Ellen Petry Leanse:Yeah. Well, wow. Well, this is one I mean, this is a topic that's so important to me especially as an elder, you know at a later in life. Yeah. But I, you know I have, there have been times when I've been able to go into experiences and even to trying to understanding research with absolute conviction that this reality that we experience is completely mechanistic.
Ellen Petry Leanse:It's just a fabrication of the brain and many people do believe that. In fact, in the the neuroscience community where some of the people that I've learned the most from are straight up materialists or, you know, mechanists. Like they're just saying this is just a biological function, some sort of a hologram or hallucination that's made up of some sort of, you know, it's like a dreaming world that isn't real, but the brain convinces us that it's real. Okay, I can, I can really enjoy the science of that from you know how the way some people express it and find it very curious and interesting? Now on the other side is wow, the brain is an organ that's capable of receiving information, you know, that it perceives, prioritizes, cuts off some of it.
Ellen Petry Leanse:We don't, we could not possibly experience all of the phenomenology that's happening around us. But then it gives us perception, thought, you know, interpretation and then the action that stems from it. And I can see that as being part of a great field of access with realms beyond those that I will ever understand. And the more I've gone in to try to figure out which one is it, the more I see the more the only thing it is is yes and. Like it is a mystery and a wonder that does to some extent create our sense of reality through its own projections.

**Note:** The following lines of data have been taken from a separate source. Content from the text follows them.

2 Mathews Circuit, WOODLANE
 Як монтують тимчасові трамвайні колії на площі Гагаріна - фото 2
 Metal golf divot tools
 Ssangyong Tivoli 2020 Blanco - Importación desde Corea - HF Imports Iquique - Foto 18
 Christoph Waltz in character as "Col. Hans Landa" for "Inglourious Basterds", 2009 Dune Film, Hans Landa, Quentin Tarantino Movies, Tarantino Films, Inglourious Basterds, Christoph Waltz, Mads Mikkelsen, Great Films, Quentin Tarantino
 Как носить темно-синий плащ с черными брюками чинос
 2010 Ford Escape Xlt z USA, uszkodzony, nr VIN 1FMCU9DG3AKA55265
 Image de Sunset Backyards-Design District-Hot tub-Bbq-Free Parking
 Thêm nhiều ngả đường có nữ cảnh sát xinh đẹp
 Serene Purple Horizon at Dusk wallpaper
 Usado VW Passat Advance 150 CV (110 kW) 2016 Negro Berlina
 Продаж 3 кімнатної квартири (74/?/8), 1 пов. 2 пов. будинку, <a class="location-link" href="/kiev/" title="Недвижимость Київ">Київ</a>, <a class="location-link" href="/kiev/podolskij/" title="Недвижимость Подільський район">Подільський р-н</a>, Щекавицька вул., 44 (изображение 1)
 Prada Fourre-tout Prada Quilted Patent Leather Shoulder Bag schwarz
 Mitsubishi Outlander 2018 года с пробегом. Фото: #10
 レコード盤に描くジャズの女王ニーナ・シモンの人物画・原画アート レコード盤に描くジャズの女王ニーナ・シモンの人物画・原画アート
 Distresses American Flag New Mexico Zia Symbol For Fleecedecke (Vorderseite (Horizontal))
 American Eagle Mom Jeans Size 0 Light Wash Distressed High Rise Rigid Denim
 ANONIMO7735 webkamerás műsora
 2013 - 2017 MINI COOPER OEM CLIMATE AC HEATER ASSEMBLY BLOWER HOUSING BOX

Ellen Petry Leanse:Yet it's also incredibly connected in ways we don't understand to vast fields of consciousness and spiritually and, you know, as a matter of fact I have to put in a plug not to take anyone away No. From your
Ron Rapatalo:No. Please
Ellen Petry Leanse:There's a glorious podcast out there called The Telepathy Tapes. Wait, telepathy tapes, excuse me.
Ron Rapatalo:Telepathy tapes.
Ellen Petry Leanse:And it starts out exploring nonverbal autistic kids who seem to be communicating with each other across space without ever meeting. Oh, Oh, it's great. And it was the top podcast I believe in the world for some number of months this year. But the second season looks at how we interact with, you know, consciousness and even things like creativity in a very unconventional way. I would recommend that you and maybe anyone else who's interested treat themselves to listening to season two, I believe it's The Telepathy Tapes episode on creativity, because the people there and some world class creatives.
Ellen Petry Leanse:And I think Steve Jobs would have agreed with this is that there is a field of information out there that is giving us everything we need to be the most innovative and creative and powerful beings that we can possibly be. The the win goes to those who let themselves receive that information.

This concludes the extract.